# Does this problem fall into any common problem definition…Knapsack maybe?

I am struggling to find a representative problem formulation for this optimization challenge. I have implemented a MILP in Matlab, but the run time is taking more then a day. My goal is to see if it fits the methods of some other common problems, where I may be able to apply some well known heuristics.

Given a set , $$S$$, of $$n$$ discrete items, $$i$$, and $$k$$ subsets, $$M$$, of $$S$$ $$S :=\{i_1,i_2,i_3\dots,i_n\}$$ $$M_{1,2,3,\dots k} \subseteq S$$

Choose exactly $$X$$ subsets $$M$$, such that $$X < k$$ to minimize the number of items $$i$$ that are in 2 or more of the $$X$$ subsets.

1. There is no extra value if the items $$i$$ are selected 0 or 1 times, just less then 2
2. Every item $$i$$ IS NOT required to be selected
3. Each subset is predefined, and pseudo random

$$---- Below is just a different attempt at formulation----$$

I tried to keep it more math definition oriented above, but the other way I simplified the problem is (using my some programming aspects):

1) I have a logical matrix , M ( i rows, j col) , where the rows represent the population and the columns represent the available subsets. 2) Goal is to optimize F, a column vector ( j , 1), that represents the choice of each subset (columns of M) to minimize the number of elements of M x F that are >= 2; 3) F is subject to you are required to choose exactly X subsets.

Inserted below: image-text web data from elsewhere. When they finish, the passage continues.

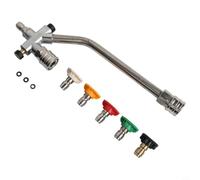 NbgrvB Adaptateur double tête pour nettoyeur haute pression avec 5 buses, 1/4" Quick Connect Switch Valve pour nettoyage de voiture, moto, allée, en acier inoxydable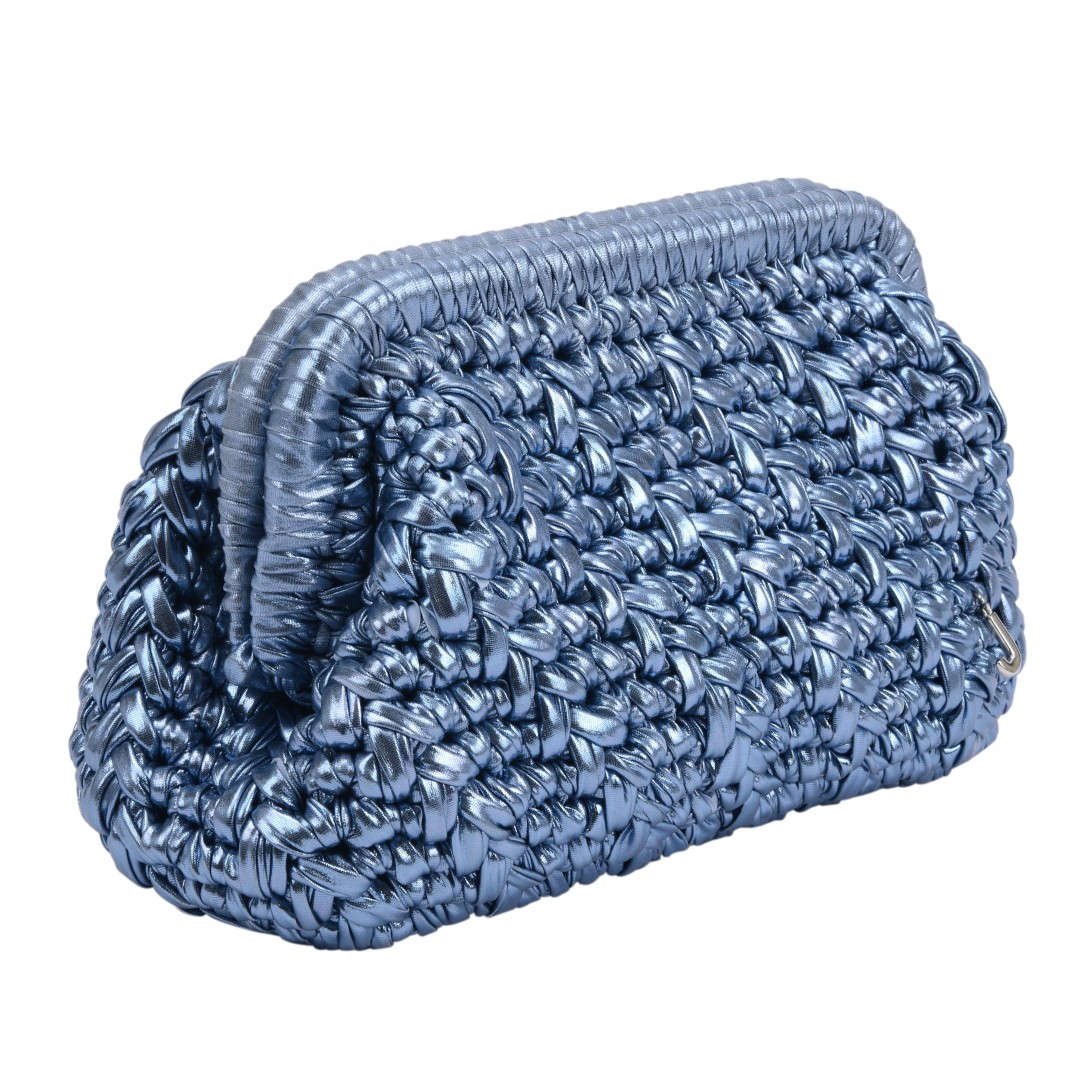 HERRİNG BONE KNİT CLUTCH   GLOSSY BABY BLUE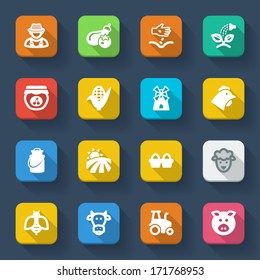 Set of flat icons about farming in a square with long shadow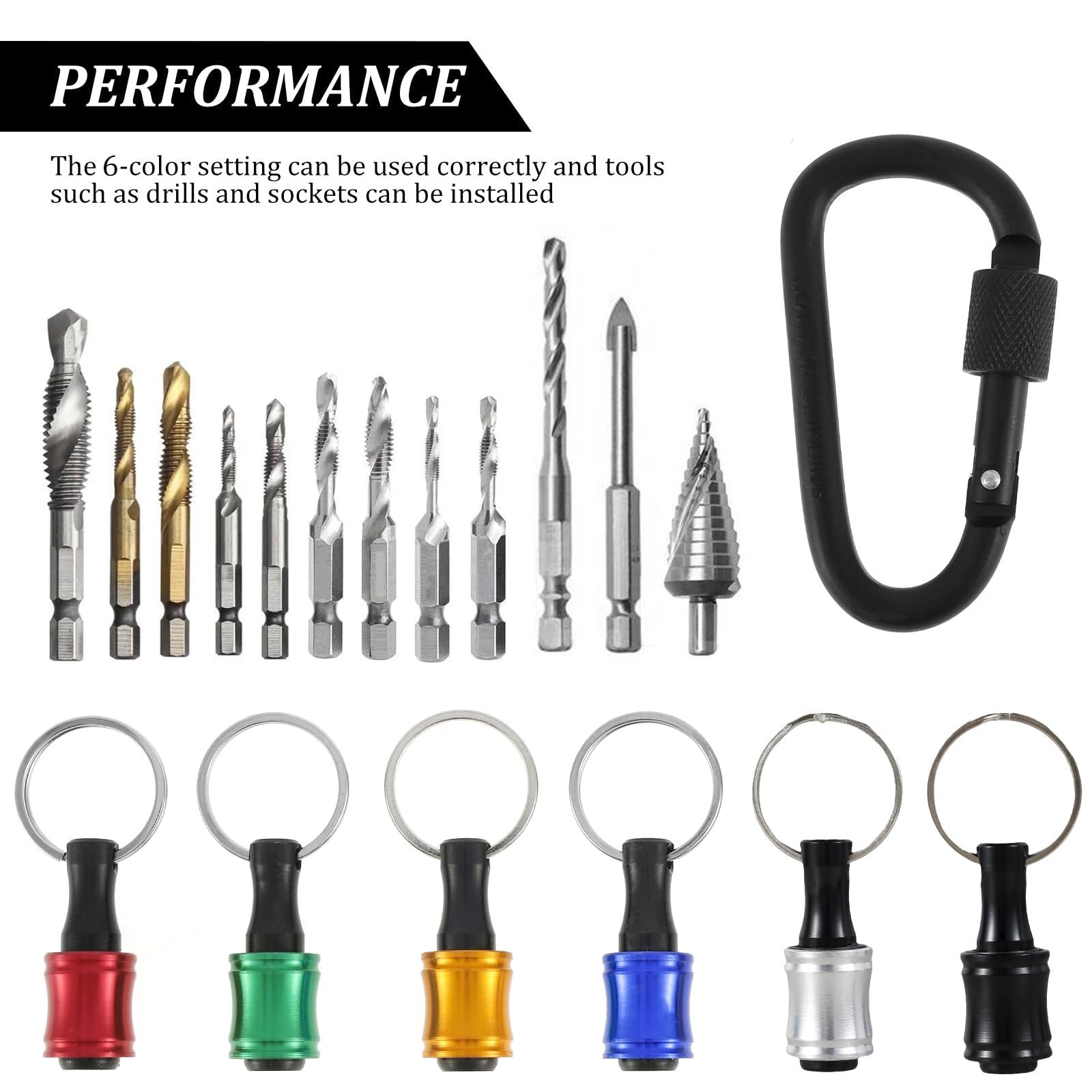 TKSDWBLTY 36-piece 1/4-inch hex shank drill bit holder with quick change socket for portable drill use, shown with bits inserted.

Need to define a column logical vector F (j rows, 1 columns) such that F has K true entries (representing the sub set choices) and the rest are false

i = 1e6; j = 150; X = 140

Set_Matrix = randi( [0 1], i , j );

Optimize F as to Minimize : sum(sum(Set_Matrix * F) >= 2) Where sum(F) == X (I.e pick 140 of the 150 subsets)

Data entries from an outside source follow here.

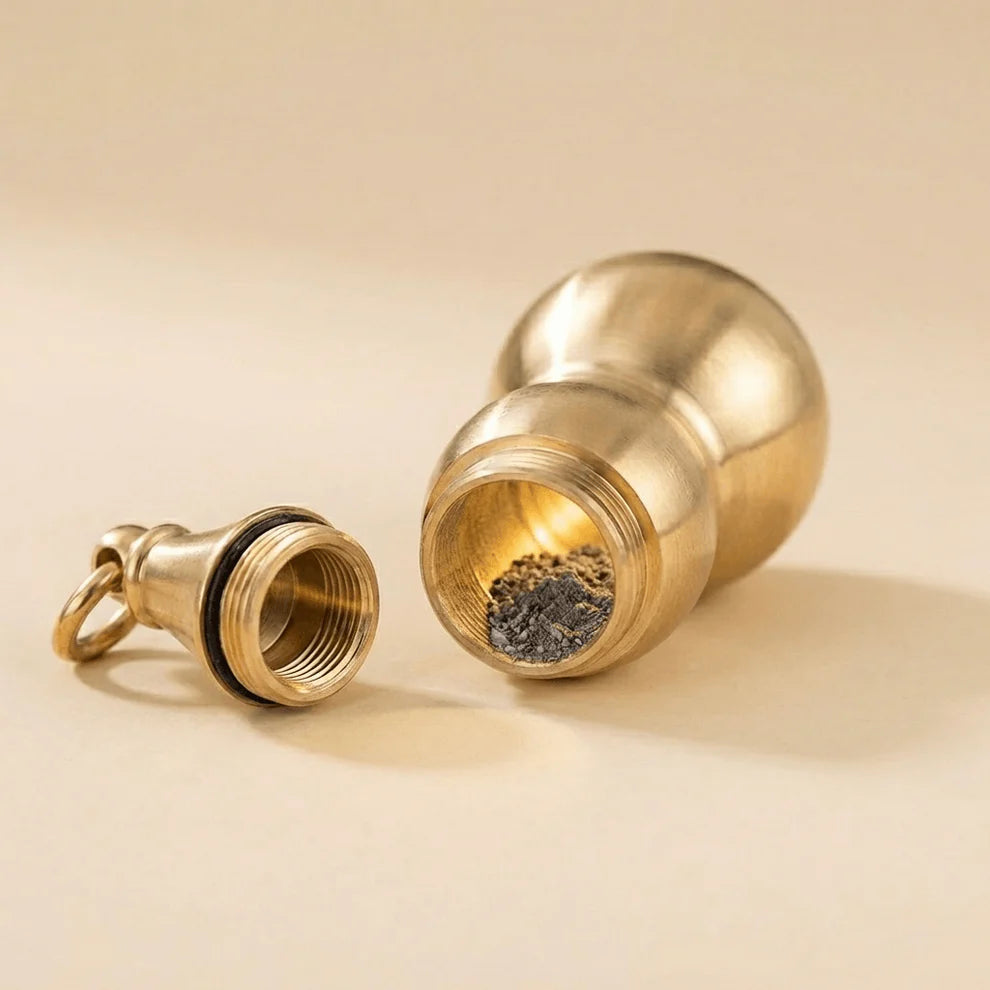 Gold-colored metal components on a beige background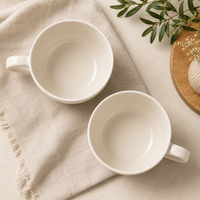 Athena Home Ceramic Coffee Cups Set of 2 | White | 300 ml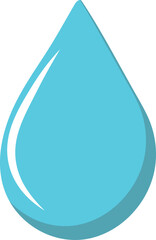 Single Blue Water Drop with Highlight Vector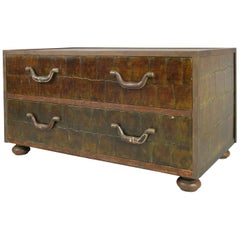 Sarreid Two-Drawer Chest with Faux Crocodile Pattern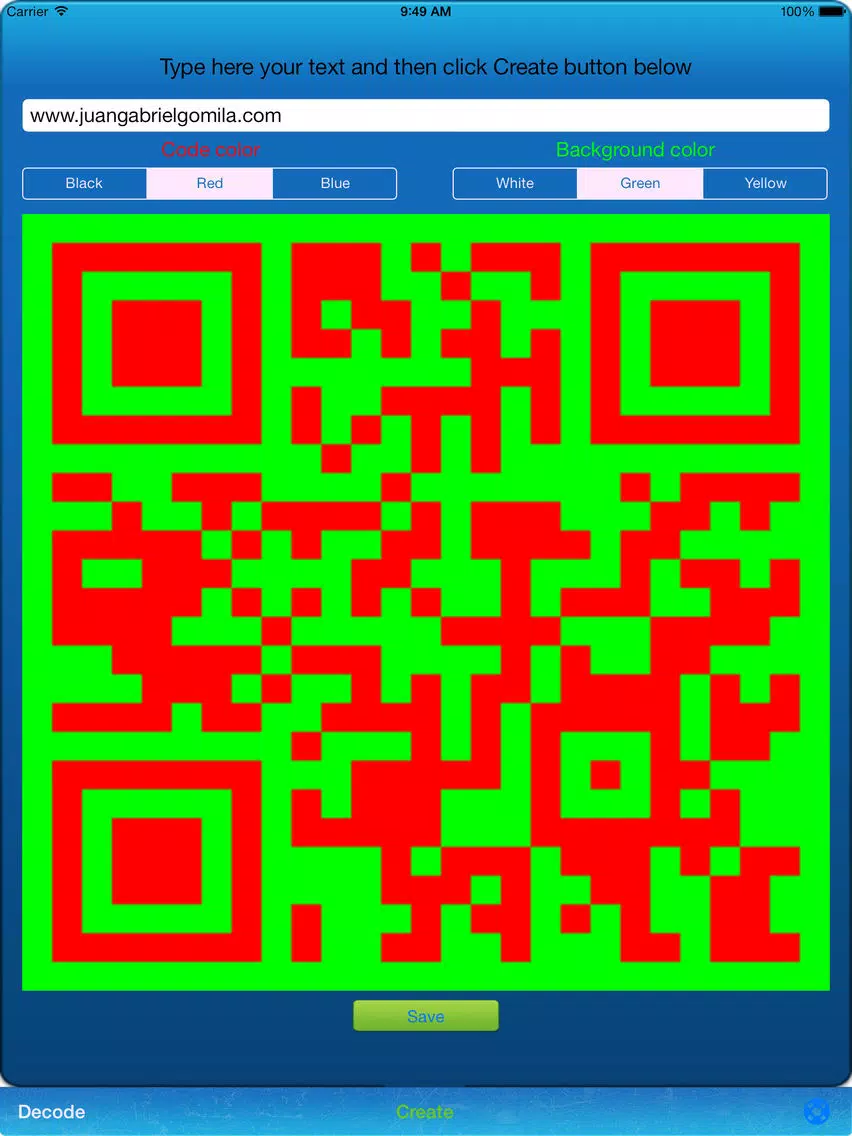 Ảnh chụp màn hình của QR Code Scan iPad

Here is a MILP formulation, in case you did something different. Let binary variable $$F_j$$ indicate whether subset $$j$$ is chosen. Let binary variable $$T_i$$ indicate whether item $$i$$ appears in two or more of the chosen subsets. The problem is to minimize $$\sum_i T_i$$ subject to: \begin{align} \sum_j F_j &= 140 \tag1 \\ \sum_j M_{i,j} F_j - 1 &\le 149 T_i &&\text{for all i} \tag2 \end{align} Constraint $$(1)$$ is the cardinality constraint. Constraint $$(2)$$ enforces $$\sum_j M_{i,j} F_j \ge 2 \implies T_i = 1$$. If most of these constraints are naturally satisfied anyway, you could generate them dynamically only if they are violated.